1990 comic military science fiction novel by Robert Asprin

This is about the 1990 novel. For an overview of the whole series of novels, see Phule's Company (series).

Phule's Company is a comic military science fiction novel written by Robert Asprin and originally published in 1990. The book follows the comedic events as Willard J. Phule, the rich son of a millionaire arms manufacturer, reforms a group of misfits in the Space Legion, a fictional organization similar to the French Foreign Legion, into an "elite fighting force". The book is primarily narrated by Phule's butler Beeker. Phule's Company received generally positive reviews and made the New York Times Best Seller list.

==Plot==
The book begins as Willard Phule, a multimillionaire, is court-martialed by the Space Legion for ordering the strafing of a treaty signing ceremony.
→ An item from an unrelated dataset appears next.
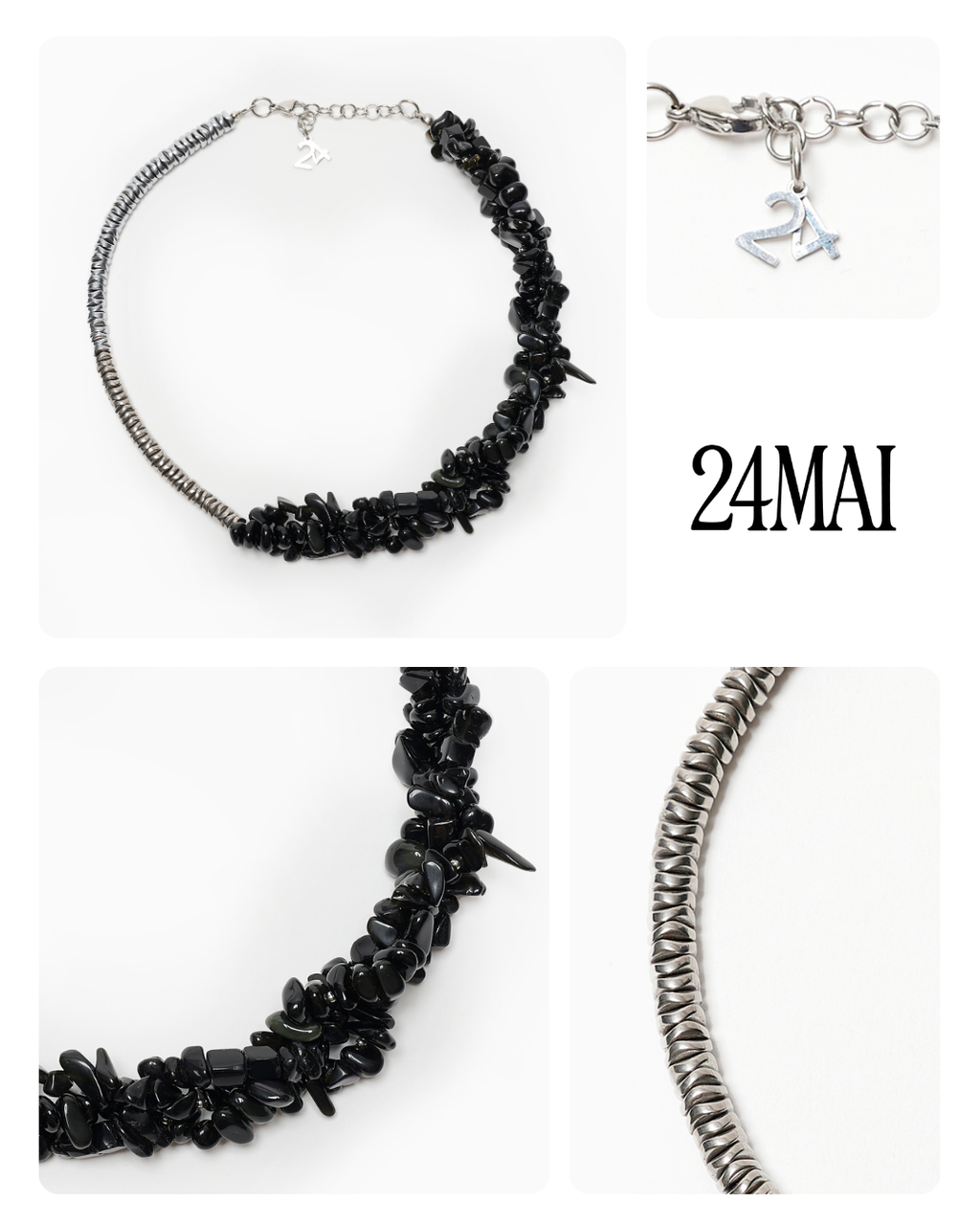 #9 Collier obsidienne noir et argent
For his punishment, he is given command of an Omega Company full of misfits on Haskin's Planet, a mining settlement on the edge of settled space. He quickly goes to his duty station and leverages his personal money and a knack for managing people to get the company to come together as a unit. His antics attract the attention of the local and interplanetary press, but create a very cohesive unit of the Legionnaires.
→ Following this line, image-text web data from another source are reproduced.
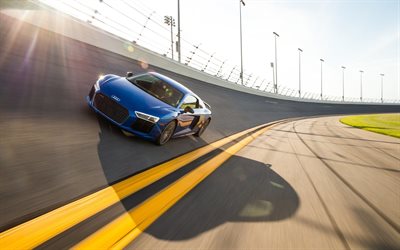 Audi R8, 4k, pista de carreras, 2018 coches, supercars, los coches alemanes, el Audi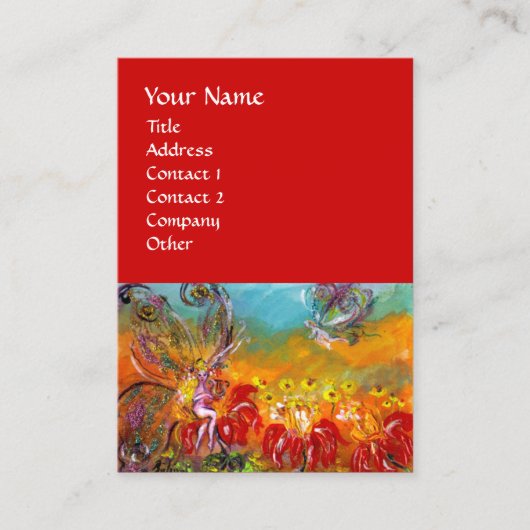 赤い花の妖精フローラファンタジー 名刺 (正面)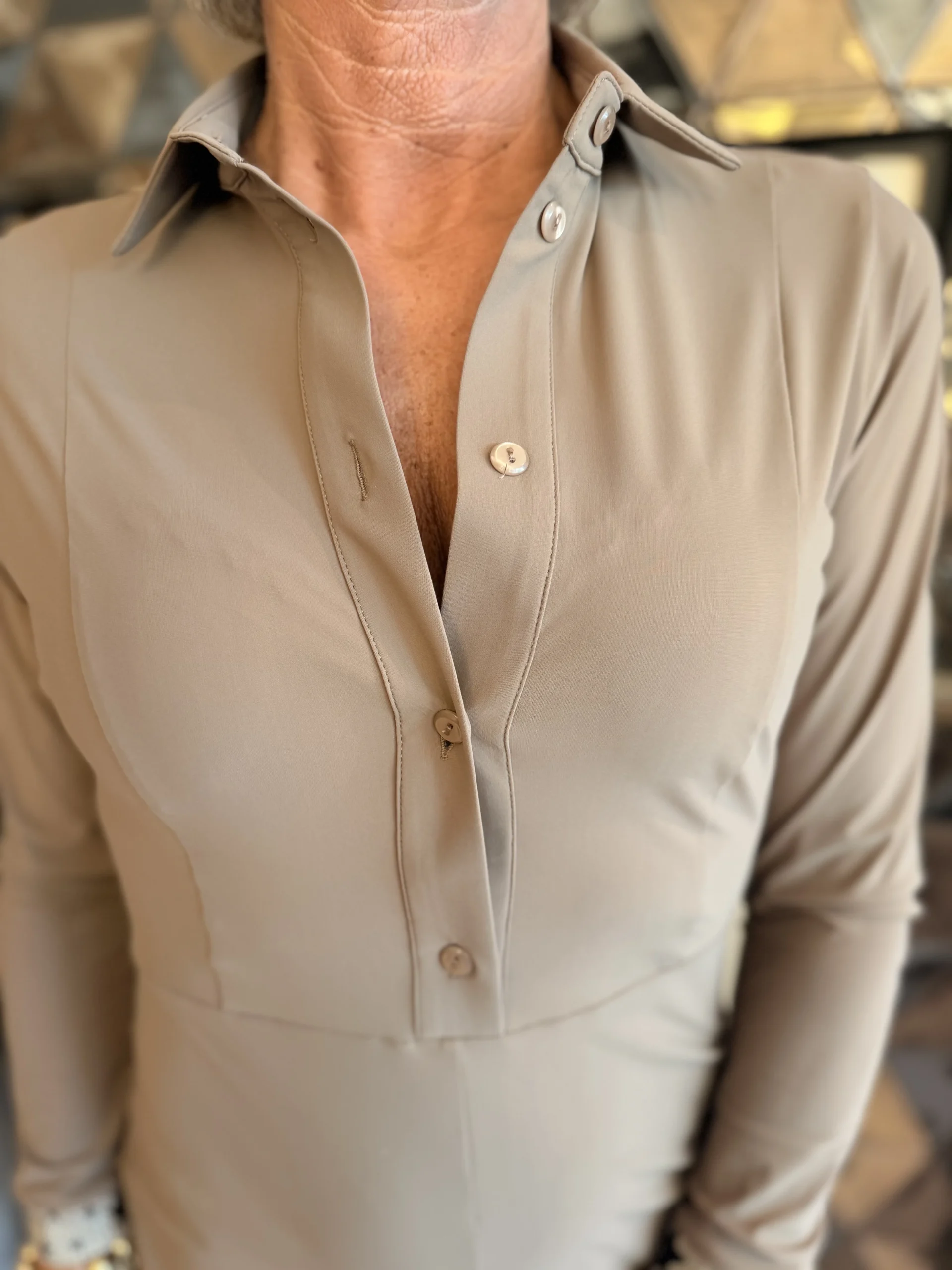 Jurk Lang | Venezie | Cappuccino - Afbeelding 4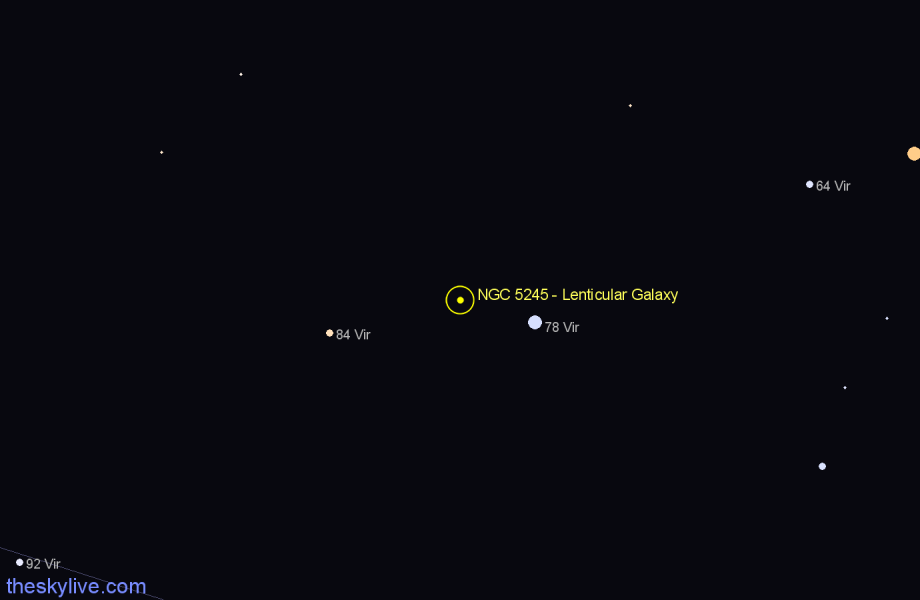 Finder chart NGC 5245 - Lenticular Galaxy in Virgo star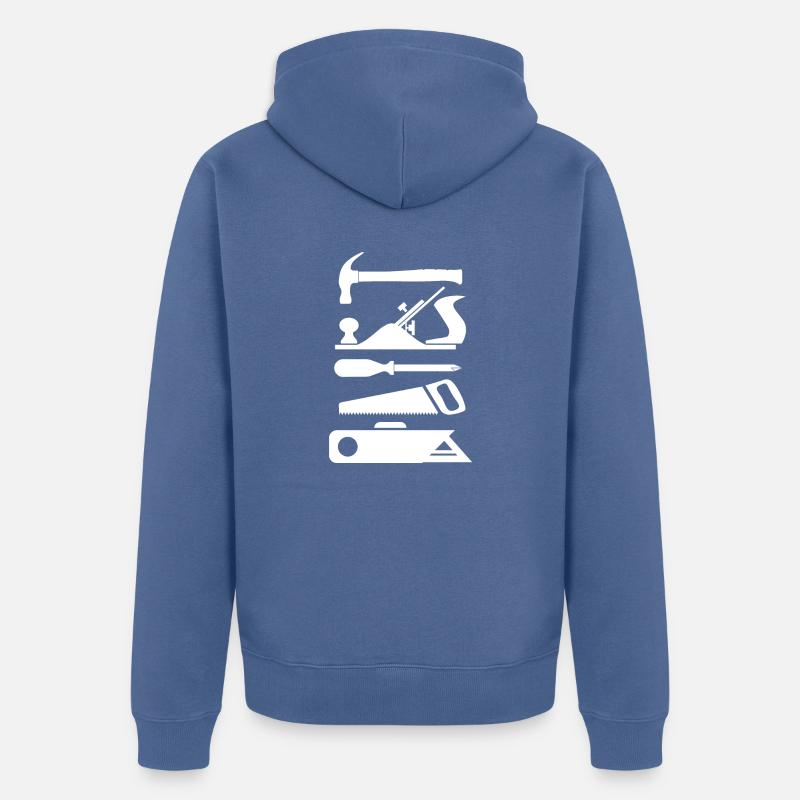 Outils menuiserie Menuisier - Veste à capuche bio Premium Unisexe - bleu pigeon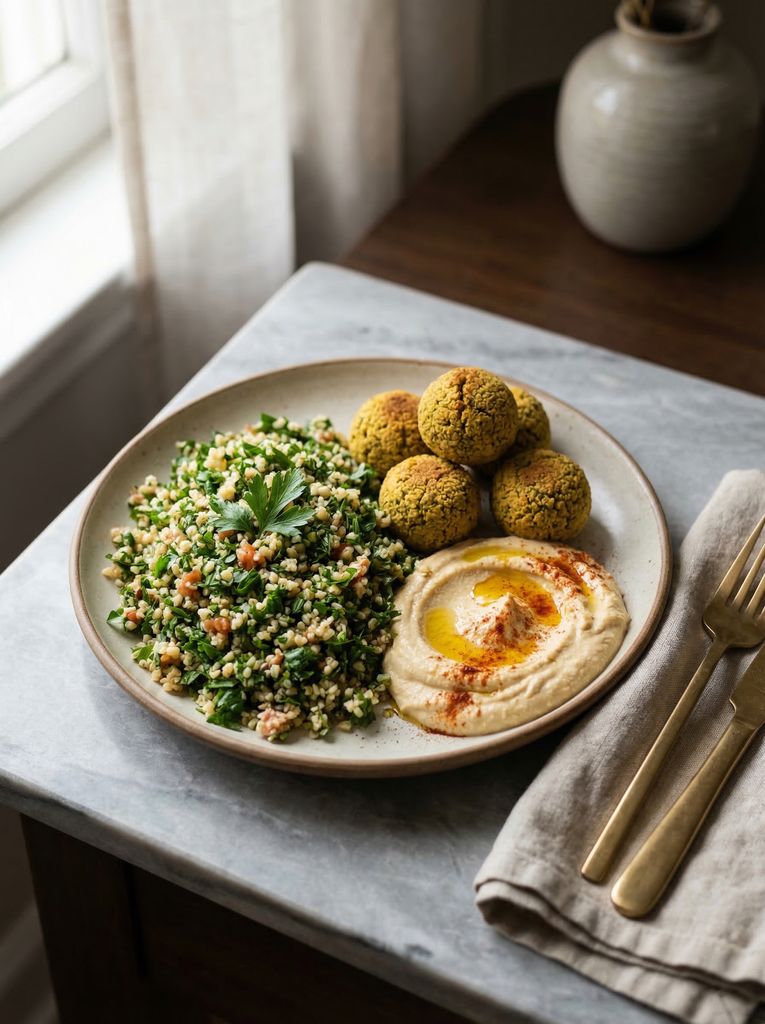 Baked Falafel with Tabbouleh and Hummus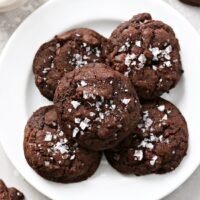 A white plate filled with Dairy Free Chocolate Cookies.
When a contract for an honorary duty is awarded to the Regular Army on Haskin's Planet, Phule convinces the governor to leave the contract up for competition between the Space Legionnaires and the Regular Army. The Army sends some of their most elite troops to take part in the competition, and through an impressive show of cooperation and teamwork, Phule's company ties the regular troops. In the final episode of the book, Phule's company encounters lizard-like alien explorers from the Zenobian Empire. Quickly reverting to his business instincts, Phule negotiates a business deal to sell swampland to the creatures in exchange for new technologies. This again enrages some of his superiors, but because of a show of support from the Legionnaires for their commander and a complete conviction of his own innocence, Phule evades court-martial again.

==Critical reception==
While reviewing the book for Legends Magazine, Marcus Pan commented that the book was "rather engrossing", "lighthearted" and had character development complete with character flaws and "endearing personalities" that made Phule's Company "a fun book to read." Similarly, Paul Stuewe in the Toronto Star, noted how "Phule's company spoofs the space-soldier brand of science fiction" classifying it along with Kim Stanley Robinson's Escape from Kathmandu as "low-key [and] somewhat lightweight entertainments that keep pages turning pleasantly enough."